5. Resource: database does not appear on SSMS, and is a read-only database that contains all the system objects that are included with SQL Server.

SQL Server system objects, such as sys.objects, are physically persisted in the Resource database, but they logically appear in the sys schema of every database. The Resource database does not contain user data or user metadata.

The ID of the Resource database is always 32767.

The physical file names of the Resource database are mssqlsystemresource.mdf and mssqlsystemresource.ldf, and are located in :\Program Files\Microsoft SQL Server\MSSQL.\MSSQL\Binn\ folder.

Check the Resource Database version and the last updated date:

SELECT SERVERPROPERTY('ResourceVersion') AS ResourceVersion;
SELECT SERVERPROPERTY('ResourceLastUpdateDateTime') AS ResourceLastUpdateDateTime;

SQL System Databases Resource

Check my other post on Resource Database.

–> You can also query all these system databases, except the Resource database.

SQL System Databases files

And you can see above first 4 database IDs, 1-4 are reserved for master, tempdb, model and msdb databases.

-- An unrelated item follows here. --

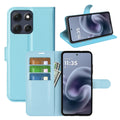Moto G86 5G PU Wallet Case [LightBlue] - LightBlue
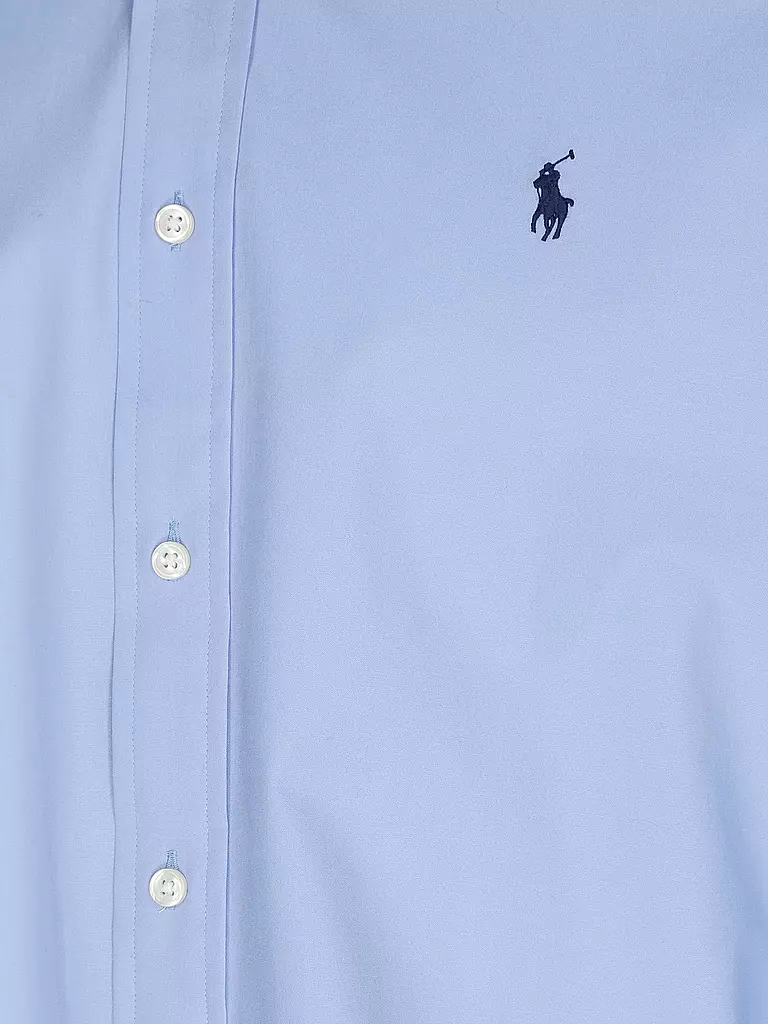 POLO RALPH LAUREN | Hemd Custom Fit | blau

–> There are two more databases created while you install SQL Server with Reporting Services (SSRS). You can see these databases appearing in SSMS in the image above (circled blue):

1. reportServer: stores following:

– Items managed by a report server (reports and linked reports, shared data sources, report models, folders, resources) and all of the properties and security settings that are associated with those items.

– Subscription and schedule definitions.

– Report snapshots (which include query results) and report history.

– System properties and system-level security settings.

– Report execution log data.

– Symmetric keys and encrypted connection and credentials for report data sources.

2. reportServerTempdb: Each report server database uses a related temporary database to store session and execution data, cached reports, and work tables that are generated by the report server. Background server processes will periodically remove older and unused items from the tables in the temporary database.